That’s according to a new study published by Agora Energiewende, a leading German think-tank dedicated to the German energy transition. The report – Current and Future Cost of Photovoltaics – projects the costs of solar photovoltaic on a global scale from now to the year 2050. (Scroll down for full report).

According to the report, the cost of producing solar power in the UK will have declined to between 4.2 and 10.3p/kWh by 2025, and by 2050 to as low as 2.0 to 7.4p/kWh.

However, these reductions are highly reliant on financial and regulatory frameworks due to the high capital intensity of photovoltaic installations. Poor regulation could affect interest rates and raise the cost of solar plants by up to 50%, the report concludes. 

It also says that most scenarios fundamentally underestimate the role of solar power in future energy systems by only foreseeing a small contribution from solar power. Agora says that a fundamental review of solar’s future role is necessary.

“The study shows that solar energy has become cheaper much more quickly than most experts had predicted and will continue to do so,” Agora Energiewende director Dr. Patrick Graichen said. “Governments that want to deliver lower cost energy for consumers should therefore reconsider their plans. Until now, most of them only anticipate a small share of solar power in the mix.

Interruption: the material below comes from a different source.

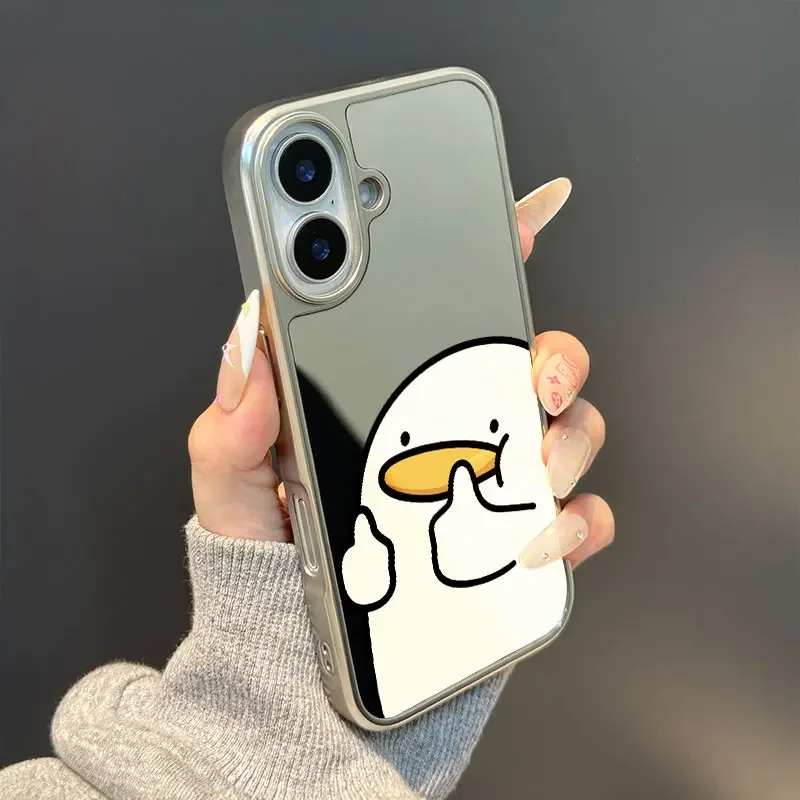El pato que dio un pulgar hacia arriba para iPhone11/12/13/14/15/16/17 Pro Max AIR PLUS funda de teléfono con espejo epoxi TPU anticaída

“In view of the extremely favourable costs, solar power will on the contrary play a prominent role. Favourable financing conditions and stable legal frameworks are vital conditions for cheap, clean solar electricity. It is up to policy makers to create and maintain these conditions.” Graichen added.

Solar discrimination

Commenting on the report, the Solar Trade Association‘s head of external affairs Leonie Greene told edie: “This report has a very timely lesson for UK policymakers; stable support makes for lower costs of finance, which makes for cheaper solar. Yet currently the solar industry is facing damaging uncertainty and potentially market contraction under both Contracts for Difference (CfD) and under the Feed-In Tariffs for larger roofs.” 

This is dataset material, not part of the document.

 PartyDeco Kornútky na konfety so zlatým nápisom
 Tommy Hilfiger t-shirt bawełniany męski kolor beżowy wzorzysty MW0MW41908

“The next Government needs to act quickly to get the UK solar industry back on track to deliver its extraordinary cost reduction potential for the benefit of consumers. Solar is the most popular energy generation technology and potentially the first renewable to compete directly with fossil fuels without subsidy. It is therefore difficult to understand why solar is being discriminated against in the UK policy framework – after all, we are not asking for special treatment.” The STA added.

Halt development

The Government will announce the winners of CfD contracts on Thursday this week following the first round of auctions held earlier this year. The STA wants to see changes to the allocation process ahead of the next auction round in October 2015, claiming the scheme is discriminating against the solar industry. The STA fears competing for CfDs could seriously hamper the development of the solar industry in the UK and prevent solar reaching competitiveness with fossil fuel generation as early as it could.

Large-scale solar is prevented from applying for a share of the Renewables Obligation fund – £3.1bn in 2014/15 – two years ahead of other technologies, and despite being established for just two years it must compete with technologies that have been supported for a decade.

Decc figures released in January show that UK solar generation almost doubled over the past year, with approximately 5GW of capacity installed by the end of 2014, compared to 2.8GW at the end of 2013.